Montaigne, too, suffered a devastating bereavement: he might never have pursued writing had he not been reeling from the death of his close friend Étienne de la Boétie in 1563. The Essais became a substitute for the deeply satisfying conversations the two had shared. The parallel between Montaigne’s loss and Hampl’s own is one of the luminous, poignant connections she traces during the course of the book. While The Art of the Wasted Day is a work of prose, it has a poem’s dynamics, with images, ideas, and memories refracting and reflecting, the way images and sounds do in a piece of verse.
The language is also poetic on a sentence-by-sentence level. Arresting turns of phrase leap out from strands of story and argument. Henry James is a “flaneur of the sentence, lounge lizard of the paragraph.” Hampl’s culinarily gifted Czech hostess is “an Ariel of the dumpling, sprite of a melting pork roast.” The psalms, which come up in a section on Mendel’s religious vocation, are poems that “form the genetic code of Western lyricism.”

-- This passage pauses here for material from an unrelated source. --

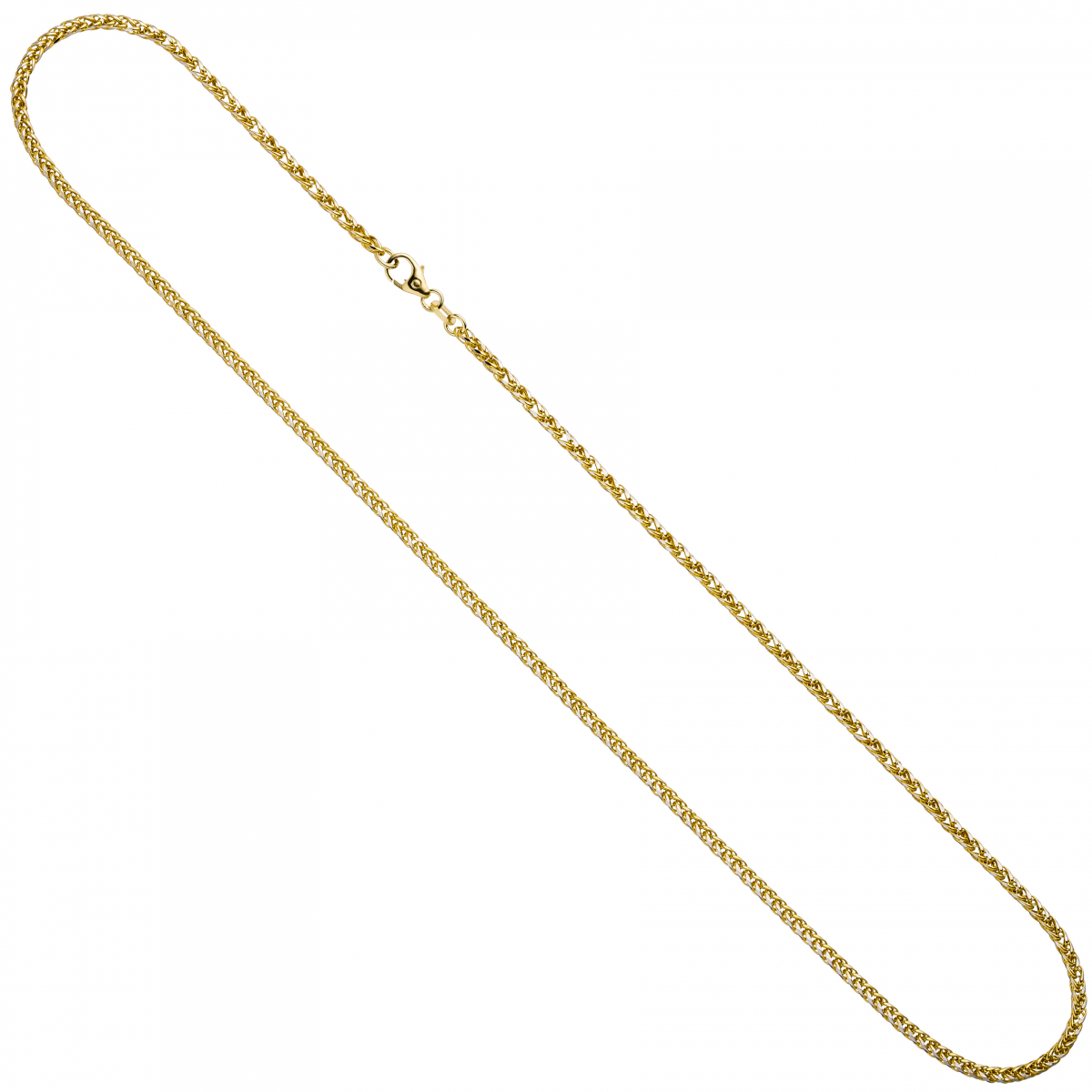 Zopfkette 585 Gelbgold Weißgold bicolor 1,9 mm 45 cm Gold Kette Goldkette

Hampl’s virtuosic writing often waxes meta: she is interested in keen-eyed nonfiction, including the memoir genre that, at one point, she traces back to the Delphic oracle’s axiom “know thyself.” Visiting the homes of people who observed and wrote—Montaigne, the Llangollen ladies—Hampl muses on the significance of observing and writing. In one marvelous passage, she offers a daringly anthropomorphic vision of the importance of vivid detail: “Next to grand conceptions like plot, which is the legitimate government of most stories, or character, which is the crowned sovereign, the detail looks like a ragged peasant with a half-baked idea of revolution and a crazy, sure glint in its eye. But here resides divinity.”
With its underlying focus on leisure and daydreaming, The Art of the Wasted Day is part of a broader reaction against our distracted, frenzied, always-connected culture. Mindfulness meditation has been gaining disciples. Last fall saw the publication of Manoush Zomorodi’s Bored and Brilliant: How Spacing Out Can Unlock Your Most Productive and Creative Self. NPR’s TED Radio Hour recently celebrated the art of “Slowing Down.” Such avenues may well benefit harried, self-centered, quick-fix-oriented inhabitants of the twenty-first century; but for a zeitgeist corrective that’s also a moving, lyrical, intellectually bracing read, your best bet is Hampl’s book.